Problem requirements: In the entries below, find the line with "一番くじ エヴァンゲリオン ～ヤマト作戦！～　D賞　アスカ　ニット帽 幼少期" and the line with "1-[2,2,6,6-tet". Return those two lines and all lines between them, exactly.

Records for processing:
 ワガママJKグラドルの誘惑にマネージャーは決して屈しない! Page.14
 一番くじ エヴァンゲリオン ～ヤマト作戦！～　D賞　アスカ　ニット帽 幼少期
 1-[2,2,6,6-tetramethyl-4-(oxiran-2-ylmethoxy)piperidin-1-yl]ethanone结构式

* * *

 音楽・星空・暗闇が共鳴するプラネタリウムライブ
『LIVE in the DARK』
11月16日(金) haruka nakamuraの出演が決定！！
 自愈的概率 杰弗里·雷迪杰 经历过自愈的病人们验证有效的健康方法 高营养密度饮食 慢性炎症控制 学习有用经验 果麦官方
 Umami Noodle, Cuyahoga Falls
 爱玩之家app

==

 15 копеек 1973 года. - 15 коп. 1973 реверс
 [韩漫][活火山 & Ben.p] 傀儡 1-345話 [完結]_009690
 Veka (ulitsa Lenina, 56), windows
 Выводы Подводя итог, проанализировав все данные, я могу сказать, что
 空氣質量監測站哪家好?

Finished exercise:
 一番くじ エヴァンゲリオン ～ヤマト作戦！～　D賞　アスカ　ニット帽 幼少期
 1-[2,2,6,6-tetramethyl-4-(oxiran-2-ylmethoxy)piperidin-1-yl]ethanone结构式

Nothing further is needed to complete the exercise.